At the same time, while Democrats won control of the House and possibly the Senate, they did so by capturing the votes of moderates and independents, whom they could lose easily with demonstrations of wretched excess.
It’s encouraging that Bush and incoming Speaker Nancy Pelosi (D-Calif.) and likely Senate Majority Leader Harry Reid (D-Nev.) are talking the language of bipartisan cooperation, but Democrats will be strongly tempted to exercise their passions against the president and his policies.
Exit polls showed that, once again, self-identified moderates made up a near-majority of the electorate — 47 percent — and this group split 62 percent to 36 percent Democratic — a 9-point Democratic gain from 2002 and 8 points above 2004.
Only 21 percent of voters identified themselves as liberals and 32 percent as conservatives. Liberals supported Democrats nearly 90 percent of the time, while conservatives voted Republican by less than 80 percent.
While Republican and Democratic candidates held their partisan base voters by margins above 90 percent, independents went Democratic by a margin of 58 percent to 38 percent, a 10-point gain over 2002 and 9 points over 2004…
The loudest message from the elections is that the nation wants a change of policy in Iraq. By a margin of 57 percent to 41 percent, voters said they oppose the war.
By 59 percent to 34 percent, voters said the war has not improved American security, and by 56 percent to 37 percent, they called for withdrawal of some or all U.S. troops, as opposed to maintaining current levels or sending more.
Yet full withdrawal is a distinct minority position — 30 percent — and Democrats won’t have the country’s support if they force it. Encouragingly, they say they won’t.
The clearest repudiation of the loud right came on the issue of immigration. By a margin of 57 percent to 38 percent, voters said they wanted illegal immigrants who work in the U.S. to be allowed a chance to apply for legal status and not be deported.
Voters in Arizona rejected two of the nation’s most vociferous immigration restrictionists, Rep. J.D. Hayworth (R) and Minuteman founder Randy Graf (R).
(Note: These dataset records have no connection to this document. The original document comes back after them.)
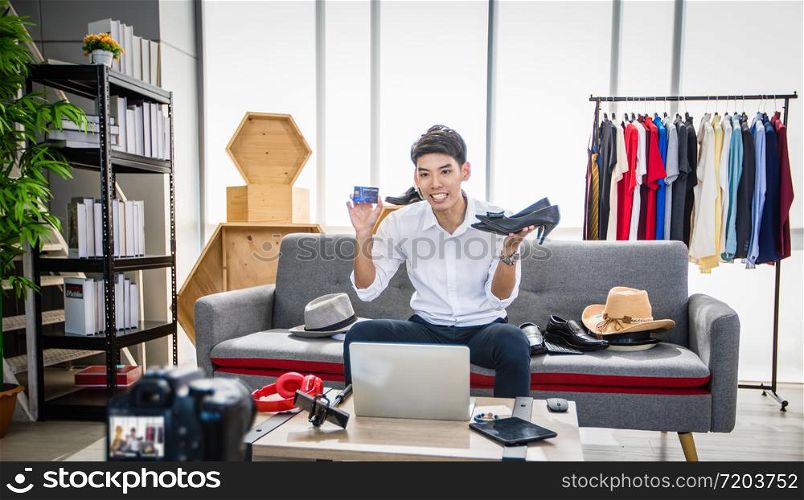 Asian man blogger broadcasting a video for selling product online such as Hats, shoes, headphones, clothing, safety headers.Shopping online concept at home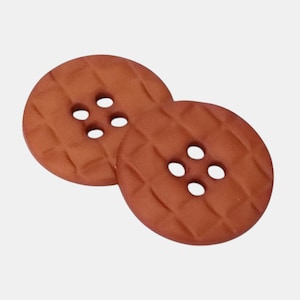 May include: A white ceramic mug with a black handle and the text "But First, Coffee" in a bold, black font. The mug is filled with a dark liquid, likely coffee, and sits on a light-colored surface.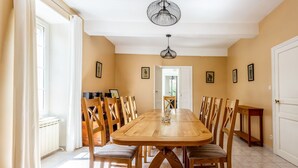 Een eetkamer met een grote houten tafel, meerdere stoelen en een kroonluchter.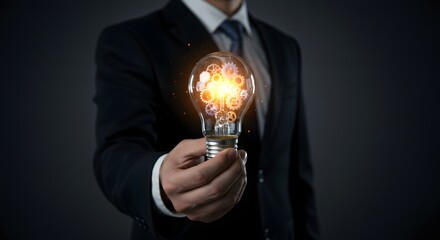 Business Idea and Innovation Concept: Businessman Holding Lightbulb with Gears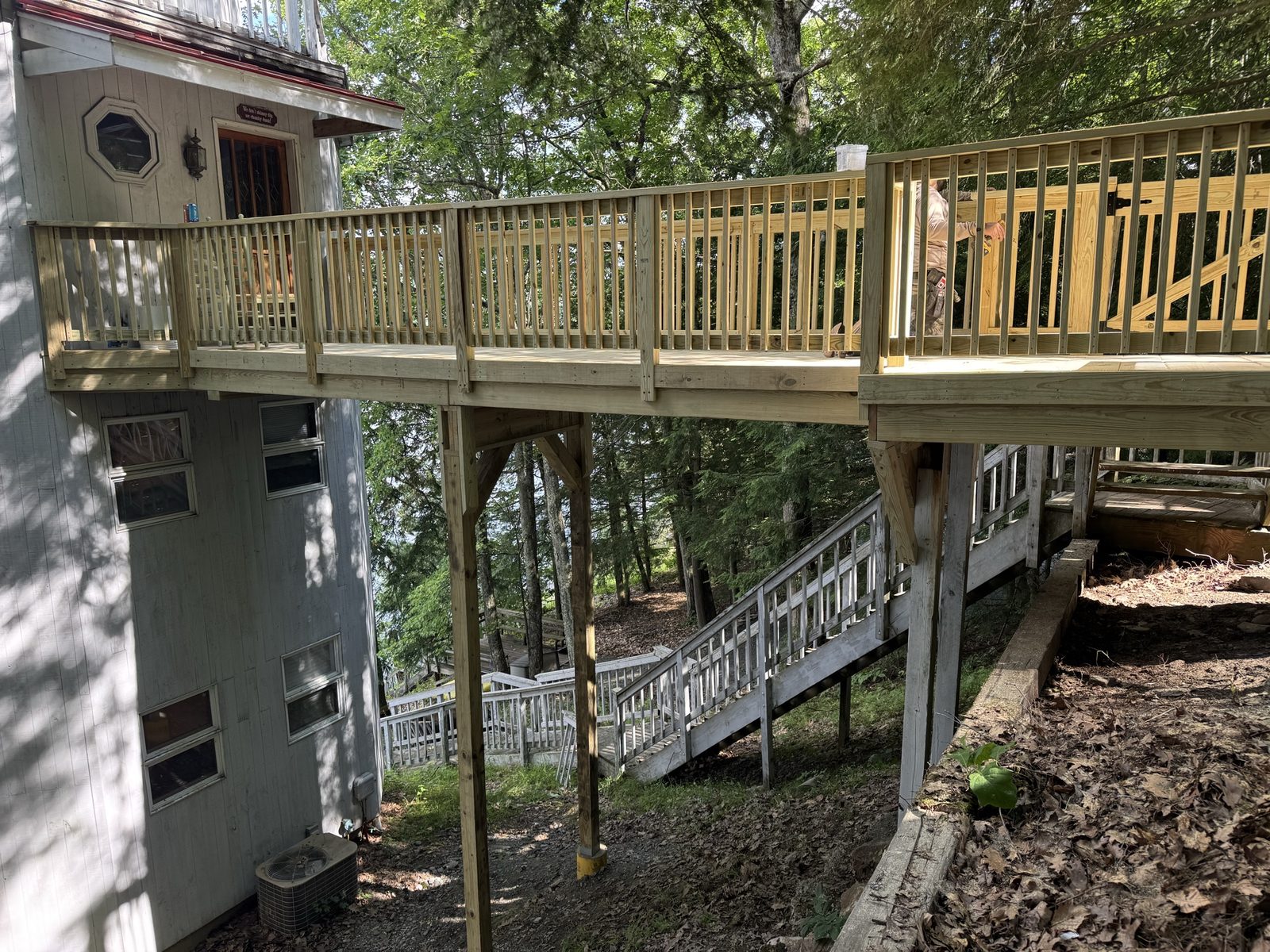 Finished elevated lakeside deck with new pressure-treated railing connecting to the cottage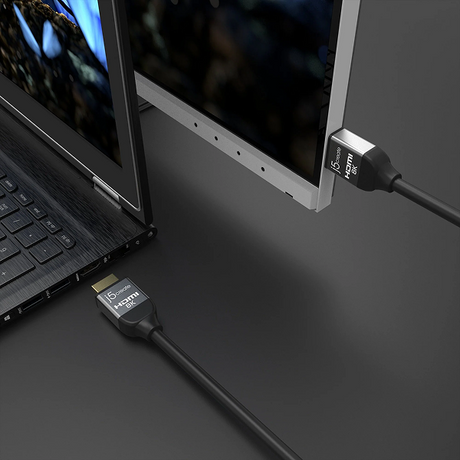 j5create JDC53 UltraHigh-Speed 8K UHD HDMI Cable 6.6ft -DokkanTech Laptop connected to a monitor with HDMI cables on a dark surface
House Republicans massively bought into the talk-show claque’s agenda by rejecting Bush’s Latino-friendly proposal for comprehensive immigration reform, and they’ve suffered important damage as a result.
Bush managed to capture 44 percent of the Latino vote in 2004, according to disputed exit polls, but this year Hispanics went Democratic by a margin of 72 percent to 27 percent, 10 points higher than in 2002.
If Republicans and Democrats are looking for an issue around which to demonstrate they can unify and accomplish something, they could use the lame-duck session of Congress to pass the comprehensive Senate immigration bill.
The exit polls also suggest that a revolt took place this year against the right’s infusion of religious dogma into politics — as in the effort to keep brain-damaged Terri Schiavo alive and Bush’s veto of expanded federal funding for embryonic stem-cell research.